* **ENTRIES SHOWN**:

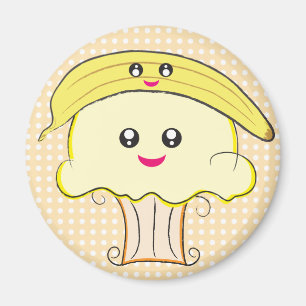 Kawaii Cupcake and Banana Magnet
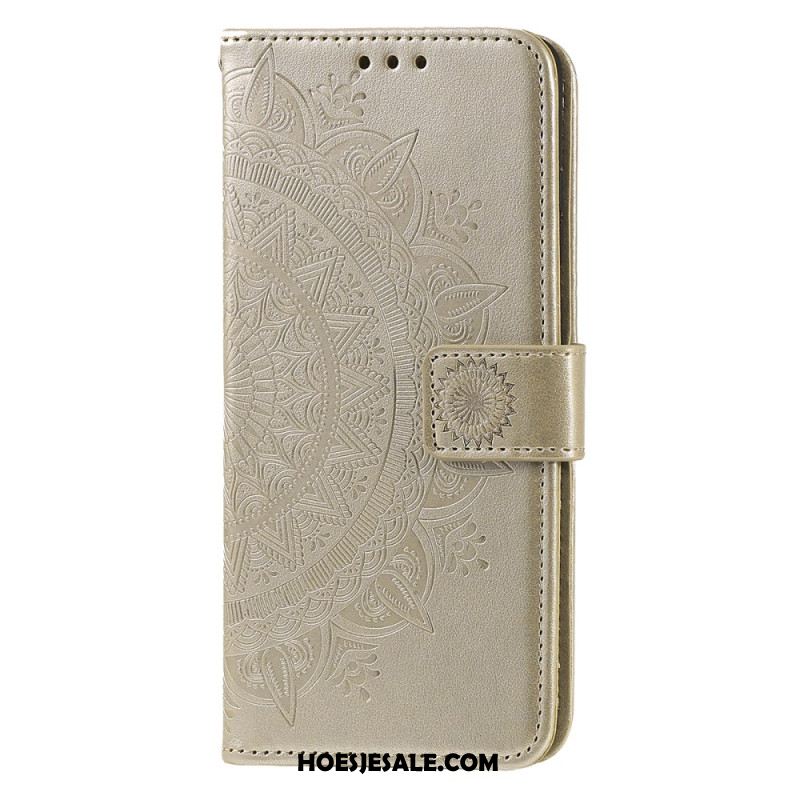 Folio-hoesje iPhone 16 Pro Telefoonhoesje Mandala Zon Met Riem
...
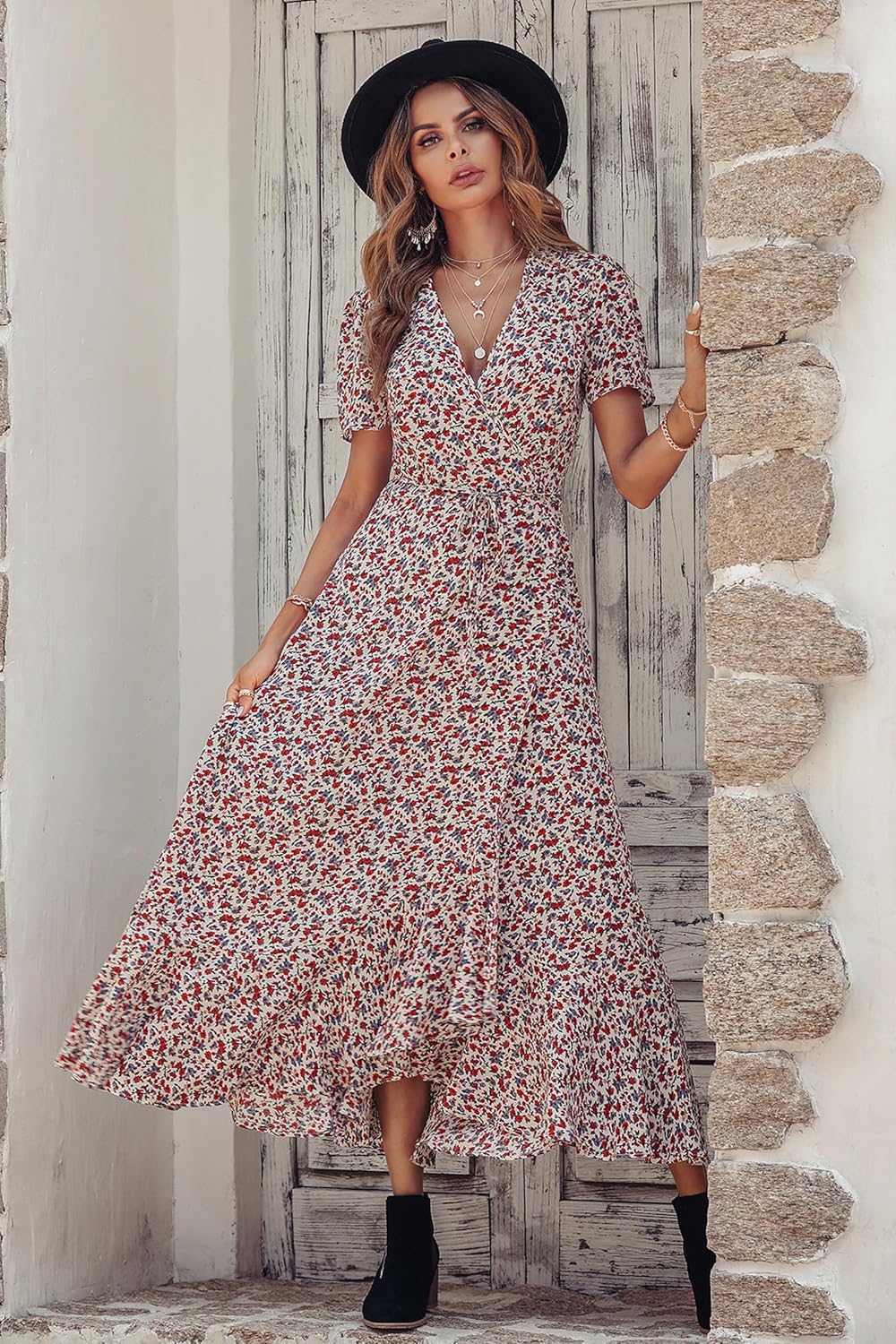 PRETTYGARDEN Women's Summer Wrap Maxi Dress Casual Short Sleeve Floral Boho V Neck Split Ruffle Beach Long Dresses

* **PROMPT**: Print, exactly and with no pictures, the lines of the listing above starting at the one that has "Kawaii Cupcake and Banana Magnet" and ending at the one that has "Folio-hoesje iPhone 16", both included.

* **EXERCISE RESULT**:
 Kawaii Cupcake and Banana Magnet
 Folio-hoesje iPhone 16 Pro Telefoonhoesje Mandala Zon Met Riem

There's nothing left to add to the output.